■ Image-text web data
________________________

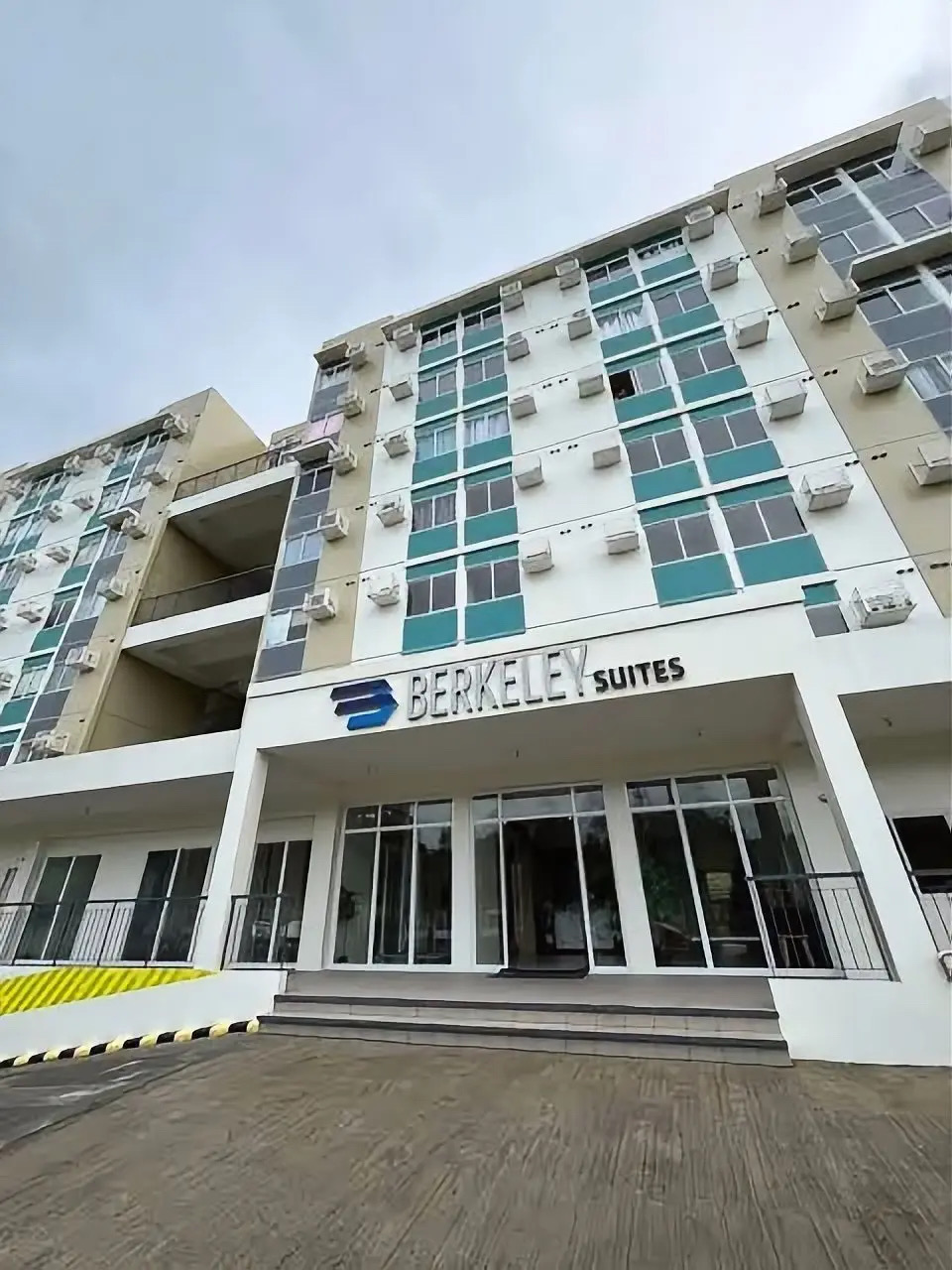 Berkeley Suites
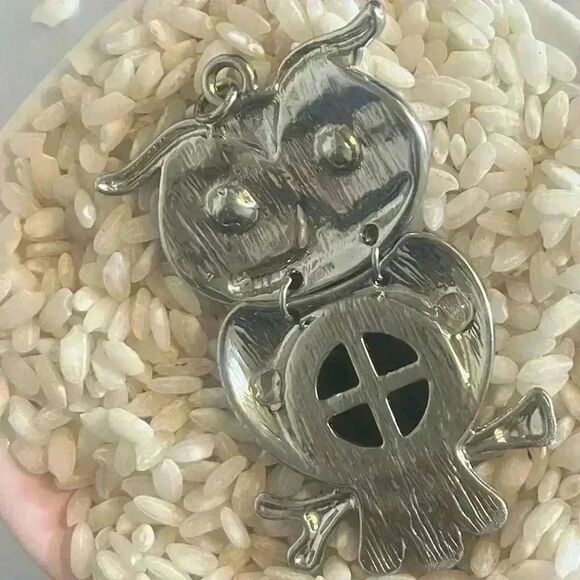 Articulated silver toned owl pendant necklace with faceted eye and belly - Picture 6 of 6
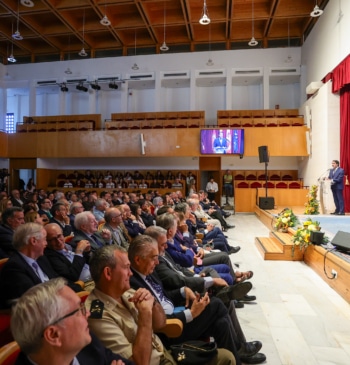 Castilla y León refuerza la oferta académica con el grado de Medicina [...]
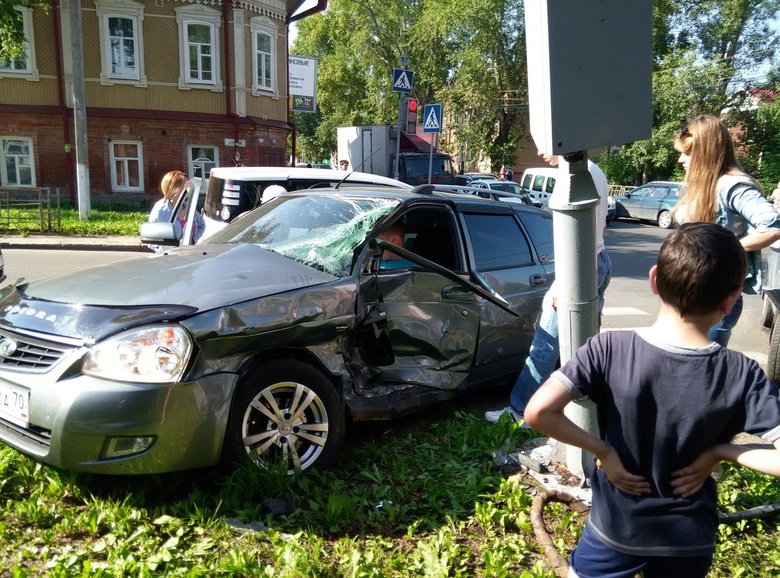 Светофор на Красноармейской не работает из-за пятничного ДТП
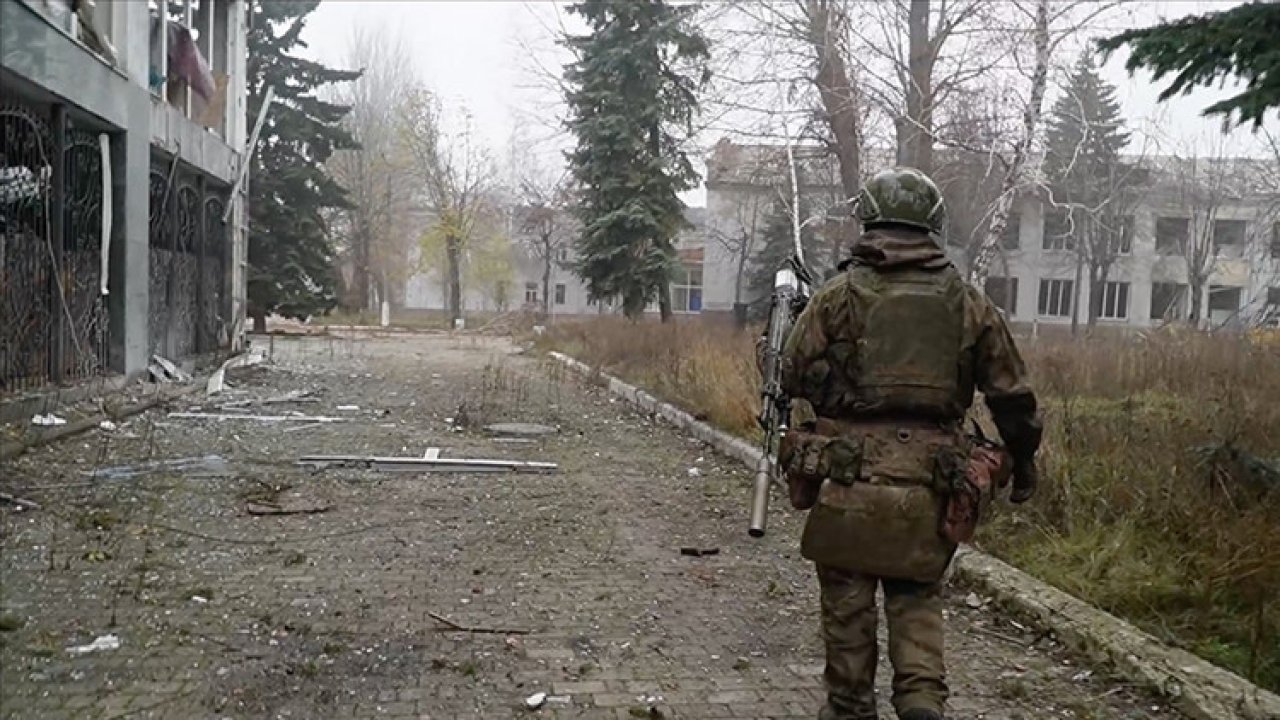 Rusya, Ukrayna'da 2 yerleşimi kontrol altına aldı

________________________

■ Exercise aim
Starting at the first line of the data, set down each line exactly until you have copied the line with "Светофор на Красноармейской", but leave the pictures out.

■ Reply
 Berkeley Suites
 Articulated silver toned owl pendant necklace with faceted eye and belly - Picture 6 of 6
 Castilla y León refuerza la oferta académica con el grado de Medicina [...]
 Светофор на Красноармейской не работает из-за пятничного ДТП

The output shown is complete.